## DATASET EXCERPT
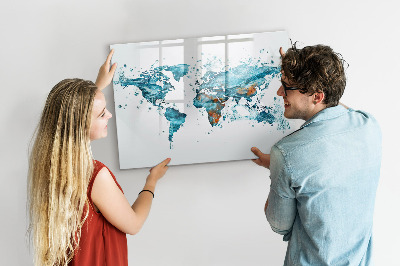 Magnetic drawing board Water world map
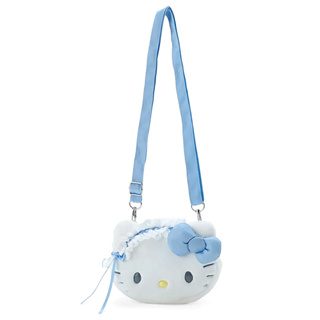 Sanrio 三麗鷗 天使界隈風格 造型絨毛斜背包 淺藍系 Hello Kitty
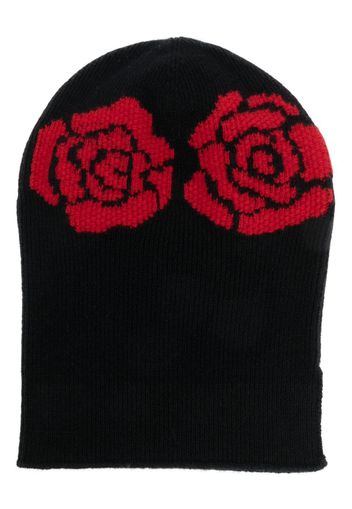 Barrie rose-embroidered crochet beanie - Nero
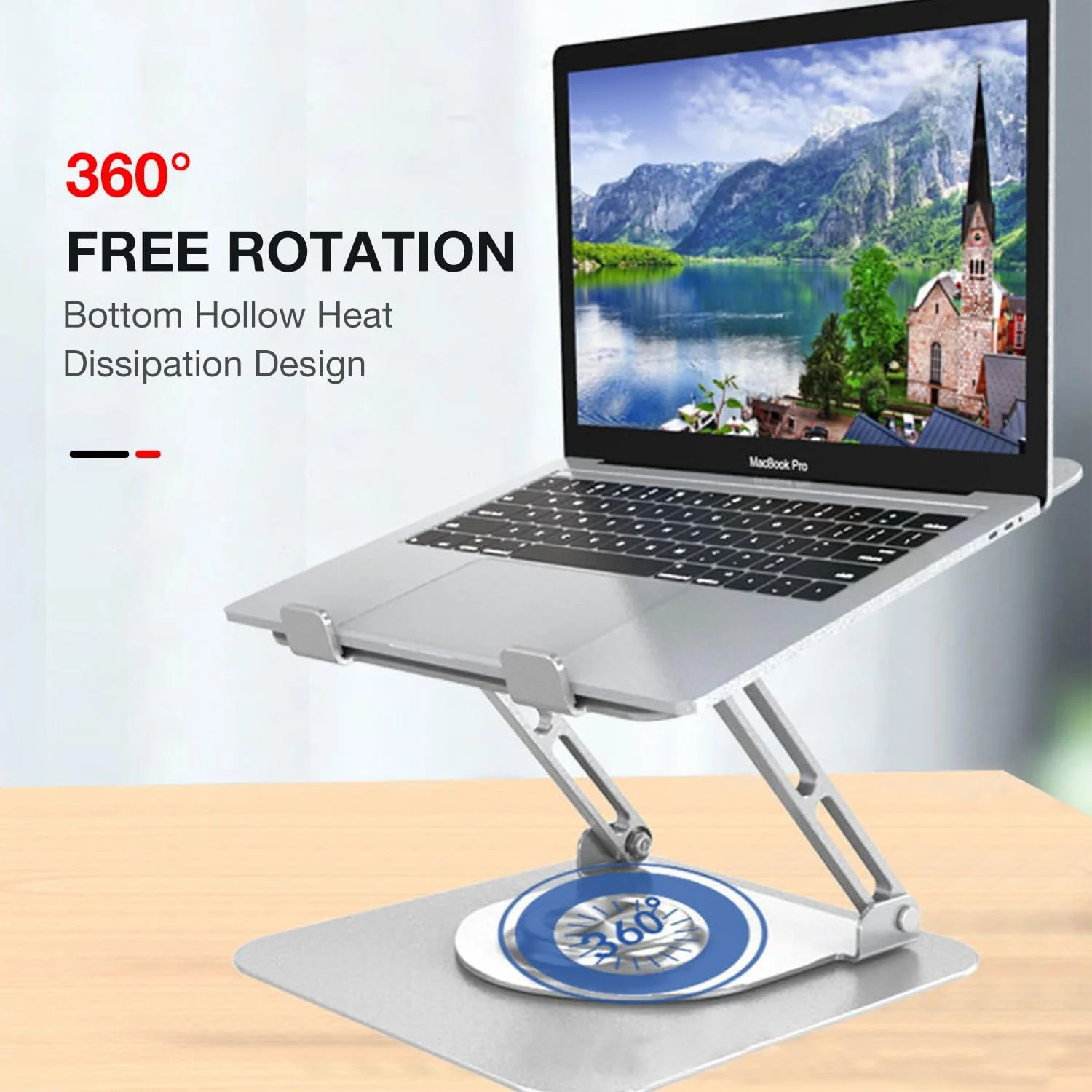 پایه لپ تاپ ACO برای لپ تاپ های اچ پی، دل با قابلیت چرخش 360 درجه، طراحی توخالی با مساحت بزرگ برای خنک سازی، جنس آلیاژ آلومینیوم، مناسب برای کار در دفتر (نقره ای)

## TASK BRIEF
Print each line of the listing exactly and include no pictures.

## SOLUTION BELOW
 Magnetic drawing board Water world map
 Sanrio 三麗鷗 天使界隈風格 造型絨毛斜背包 淺藍系 Hello Kitty
 Barrie rose-embroidered crochet beanie - Nero
 پایه لپ تاپ ACO برای لپ تاپ های اچ پی، دل با قابلیت چرخش 360 درجه، طراحی توخالی با مساحت بزرگ برای خنک سازی، جنس آلیاژ آلومینیوم، مناسب برای کار در دفتر (نقره ای)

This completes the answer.